§ **TASK INSTRUCTIONS**
With the images removed, return every line below exactly as it reads.

§ **DATASET SECTION**
══════════════════════════════

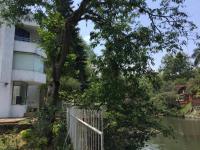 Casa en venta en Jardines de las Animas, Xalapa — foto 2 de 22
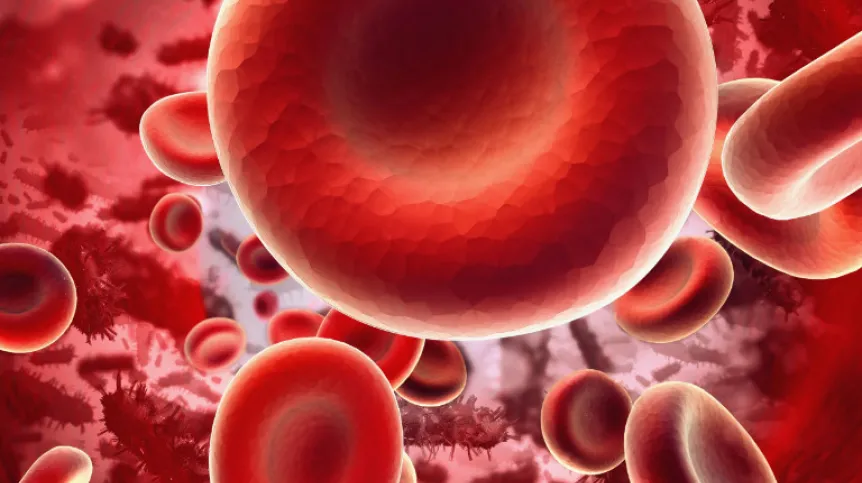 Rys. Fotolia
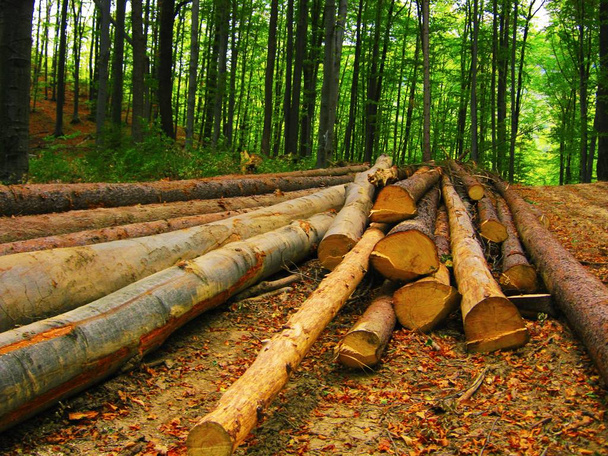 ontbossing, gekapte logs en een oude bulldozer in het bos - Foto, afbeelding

══════════════════════════════

§ **EXERCISE RESPONSE**
 Casa en venta en Jardines de las Animas, Xalapa — foto 2 de 22
 Rys. Fotolia
 ontbossing, gekapte logs en een oude bulldozer in het bos - Foto, afbeelding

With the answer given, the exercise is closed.